On le reconnait ici à l’habit de son ordre (capuchon et corde à 3 nœuds) et aux stigmates (marque d’épine au front et mains trouées : expressions de l’amour du crucifié) dont il fut gratifié le 17 sept 1224. Il est fêté le 4 octobre.


Le salvator mundi

Hormis l’épisode de l’évangile selon St Luc, qui relate la visite au temple de Jérusalem, sa disparition pendant 3 jours et les retrouvailles avec ses parents au milieu des docteurs de la loi, (Il était âgé de 12 ans lors de cet épisode) la jeunesse de Jésus jusqu’au début de son ministère, vers l’âge de 30 ans, n’est pas connue. 
Autant dire que Jésus à cet âge est rarement représenté.


On voit souvent Jésus enfant sur les genoux de sa mère tenant le monde dans sa menotte, mais moins souvent l’adolescent seul.
A partir la renaissance les peintres les plus célèbres (Léonard de Vinci , Dürer…)   ont popularisé la représentation du Christ portant l’orbe
crucifère.
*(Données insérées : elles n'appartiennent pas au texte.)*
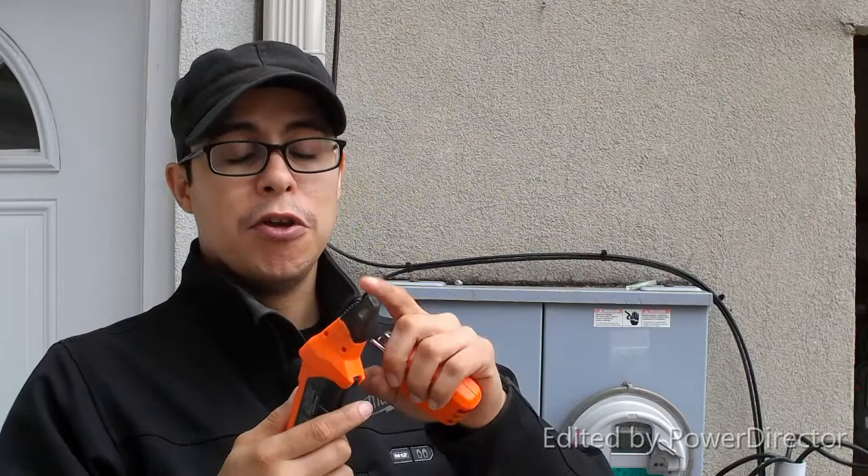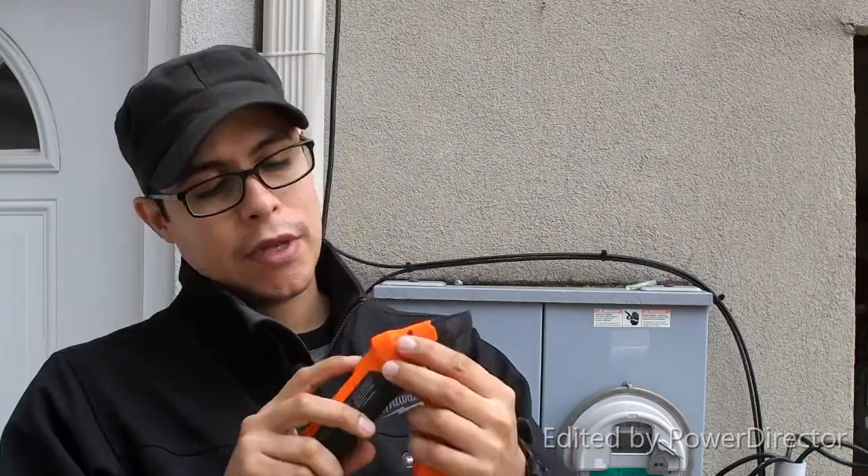What I like about what Klein Tools did compared to their previous model is they added about a 10-degree offset — a 10-degree bend — on the receiver. The narrow nose has a dark transparent tip that shows the indicator light, so you can not only audibly hear the receiver picking up the signal from the transmitter, but you can also see it visually as well.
Elle est devenue un motif iconographique sous le nom de « salvator mundi » : une variation du Christ en gloire médiéval.
Seulement mais ce Christ était presque toujours adulte.

La jolie statue qui occupe l’attique de ce retable représente Jésus  âgé d’à peu près à  12 ans, en salvator mundi, bénissant et faisant le signe de la trinité de sa main droite et tenant un orbe crucifère dans sa main gauche.  C’est une originalité à cause de l’âge de Jésus.

L’orbe est un globe représentant le monde terrestre, planté ici d’une superbe croix tréflée, de même proportions que les croix de consécration de cette église, sur chacun des piliers.
L’orbe crucifère symbolise la domination temporelle — et non seulement spirituelle — du Christ sur le monde.
C’est le même orbe crucifère qui figure au couronnement de presque tous les rois d’Europe. 

Petit rappel : on sait que la terre est ronde depuis l’antiquité grecque, et non pas depuis la renaissance de Copernic et Galilée …. Les premiers orbes datent du 5ème siècle.